_What is being asked_:
Transcribe the records that follow in their entirety, omitting any pictures.

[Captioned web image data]
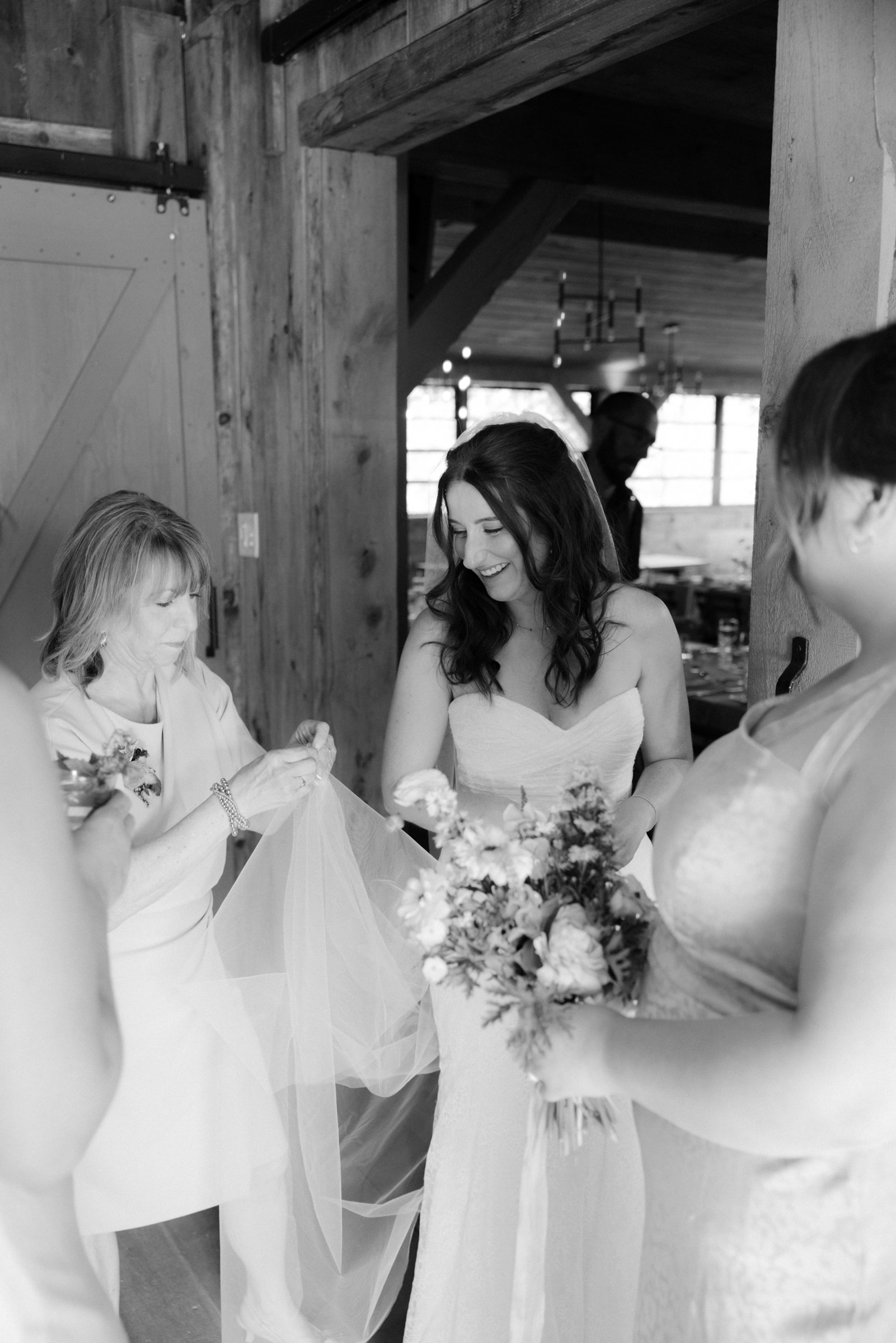 adelina-barn-wedding-photos-la-0066.jpg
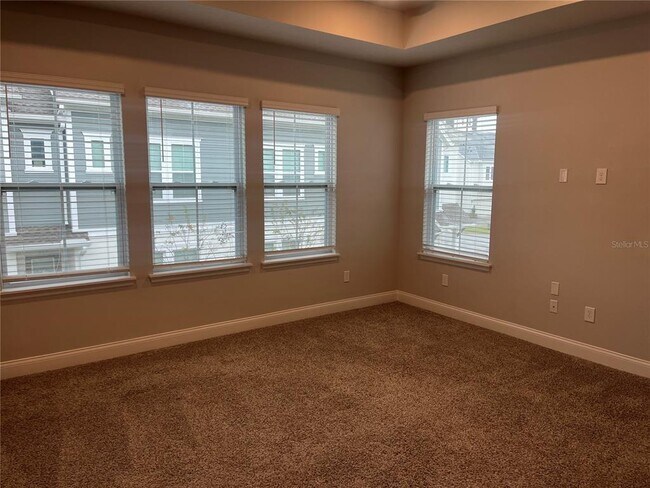 Building Photo - 474 Wishbone Ln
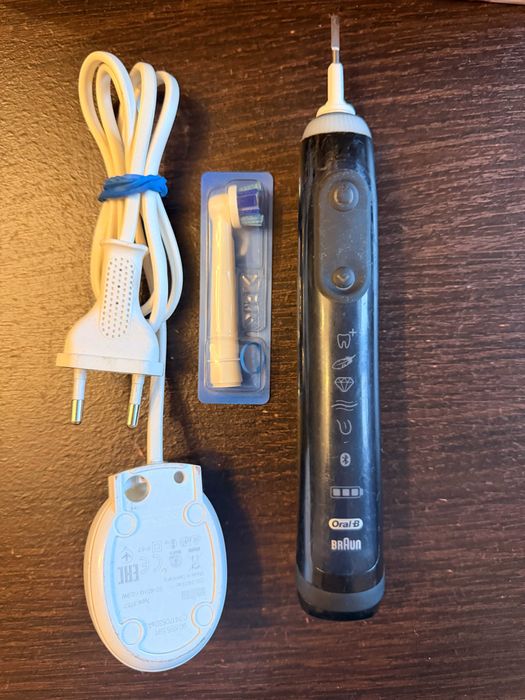 Szczoteczka Oral-B Genius + ładowarka + końcówka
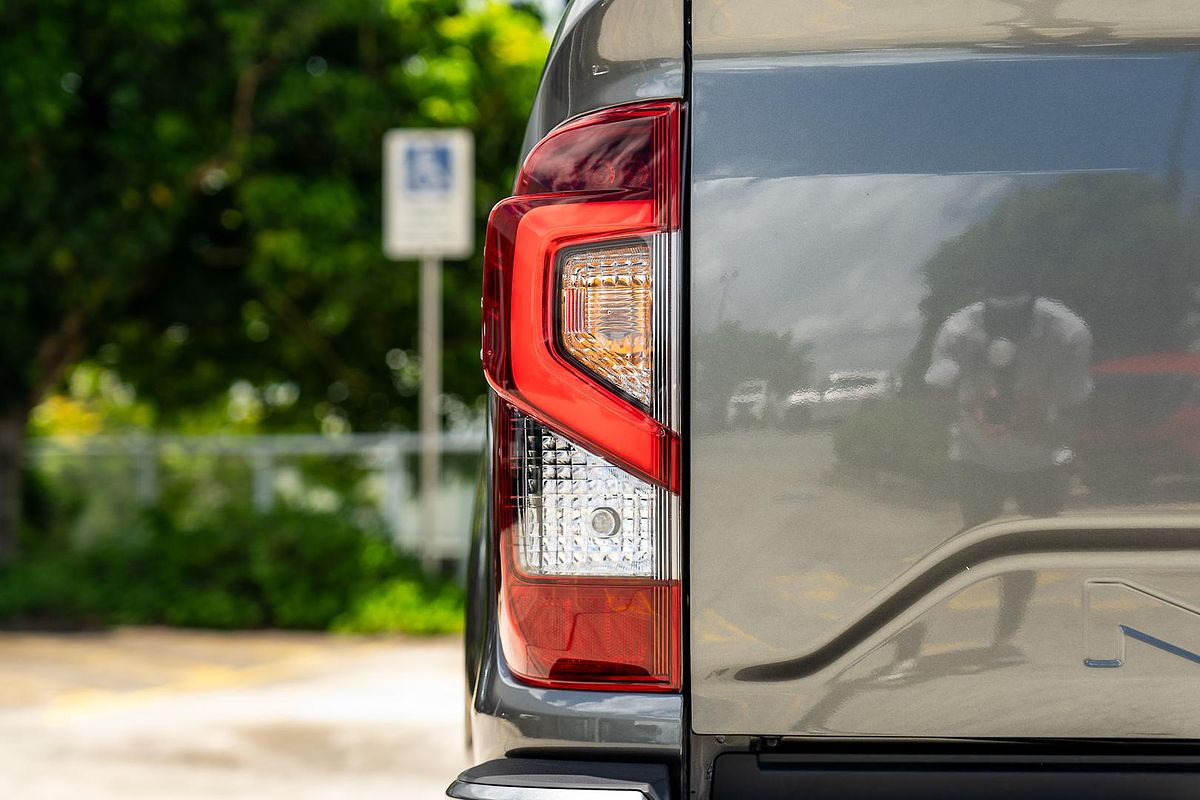 2024 Nissan Navara ST D23 4X4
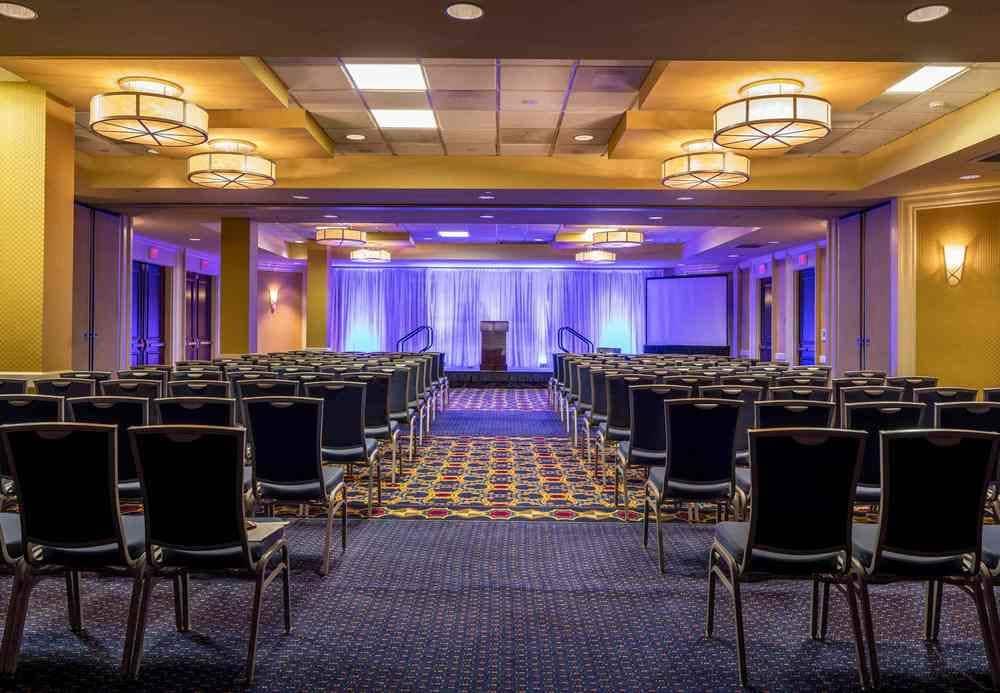 Renaissance Mobile Riverview Plaza Hotel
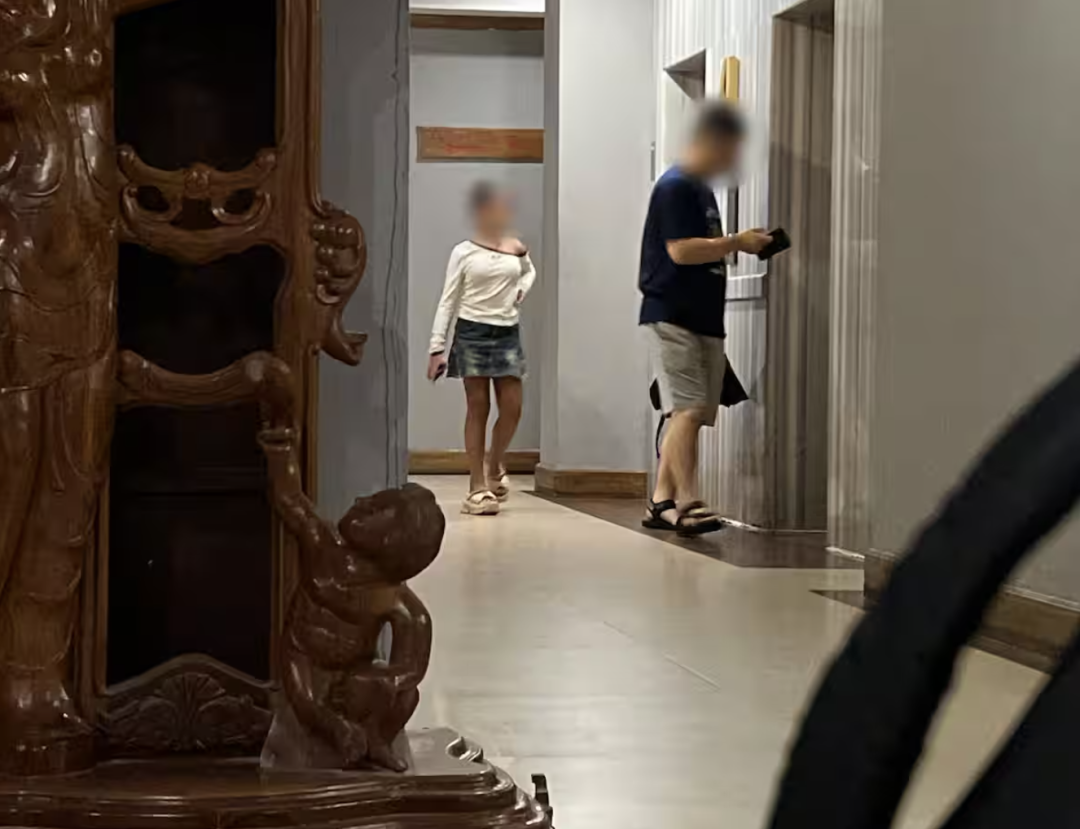 (记者A拍下的照片)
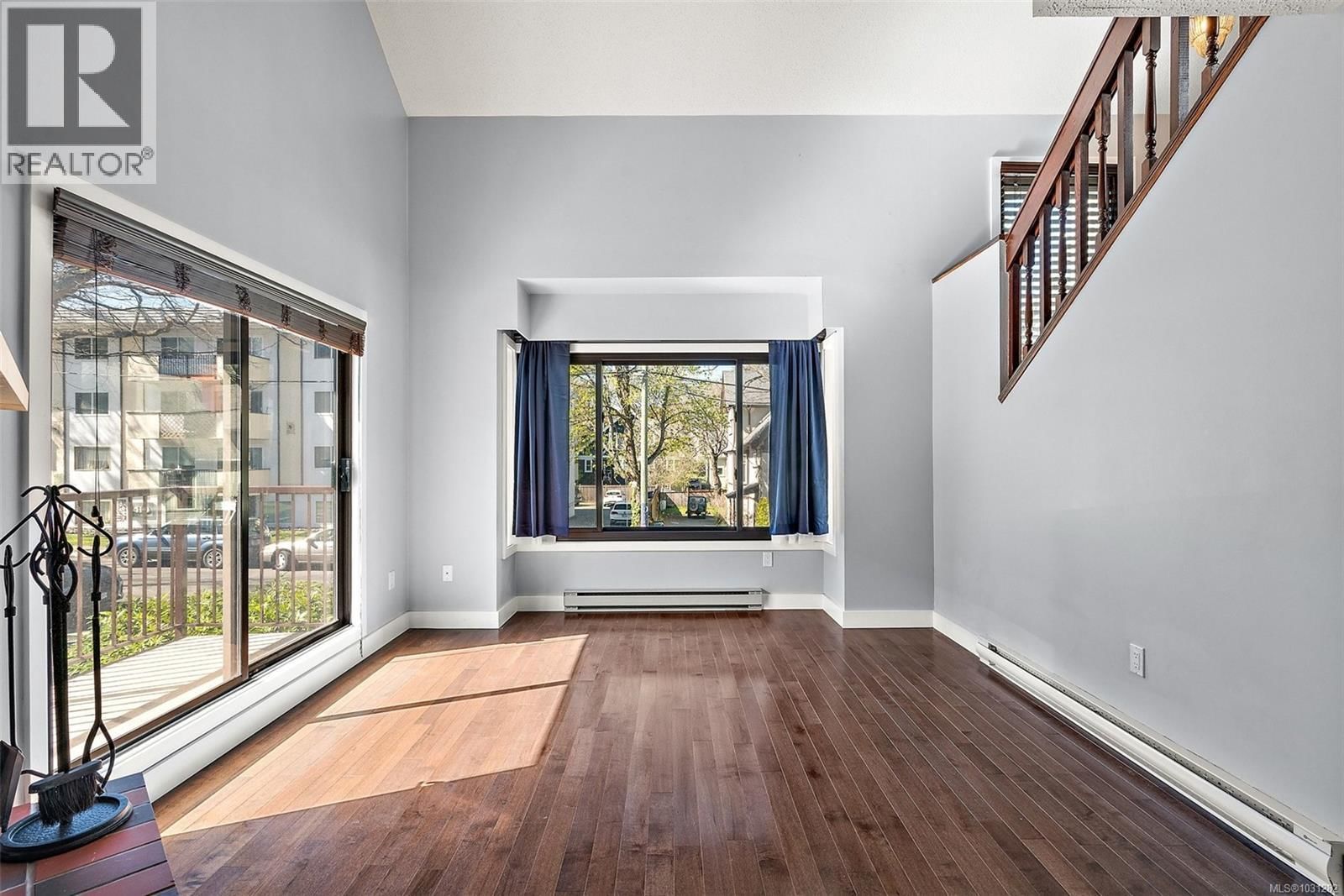 6 - 1464 FORT STREET Image 5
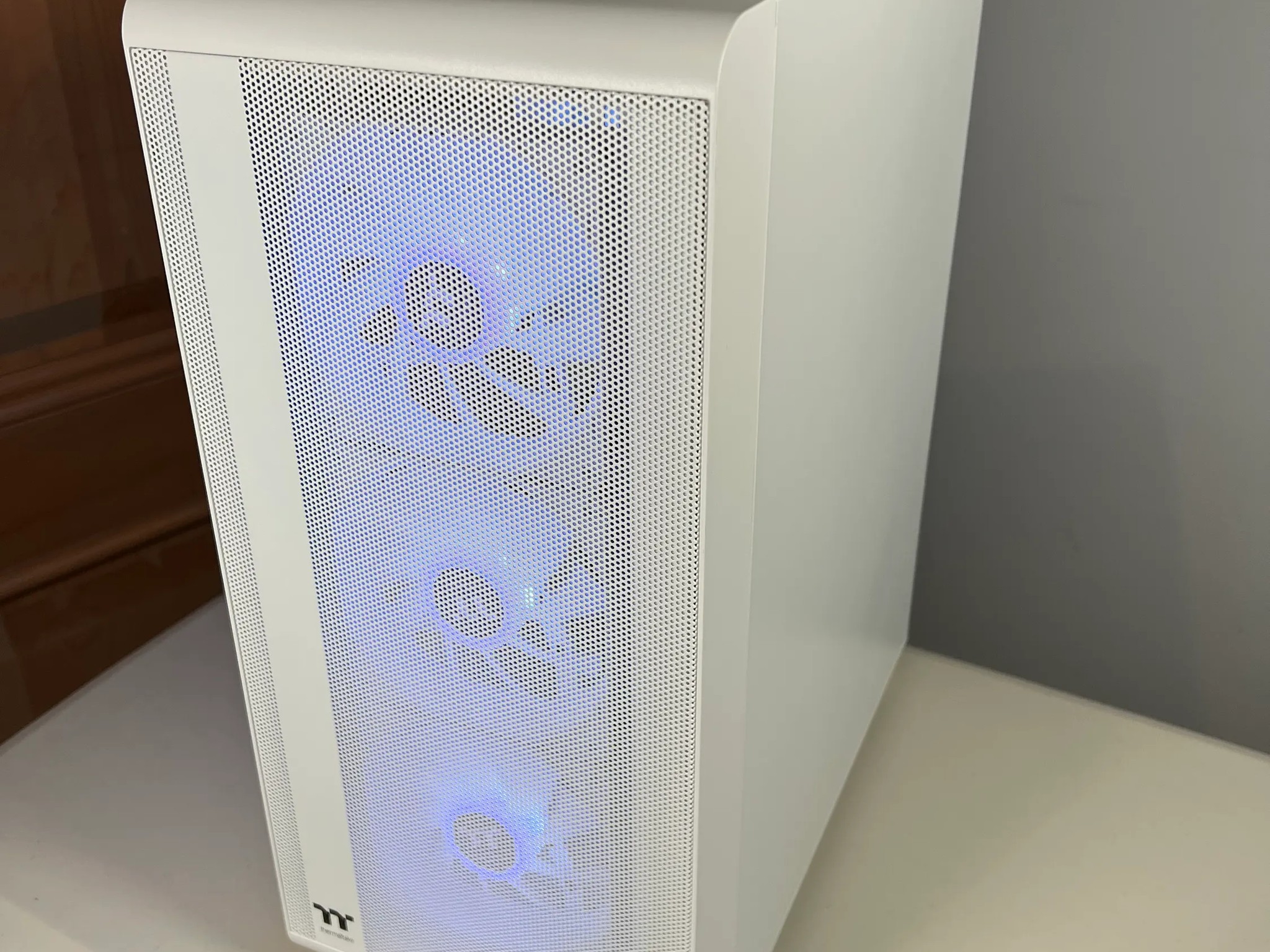Mid Range White Gaming PC (i5-12400 + RTX 3060Ti)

_Answer for the task_:
 adelina-barn-wedding-photos-la-0066.jpg
 Building Photo - 474 Wishbone Ln
 Szczoteczka Oral-B Genius + ładowarka + końcówka
 2024 Nissan Navara ST D23 4X4
 Renaissance Mobile Riverview Plaza Hotel
 (记者A拍下的照片)
 6 - 1464 FORT STREET Image 5
Mid Range White Gaming PC (i5-12400 + RTX 3060Ti)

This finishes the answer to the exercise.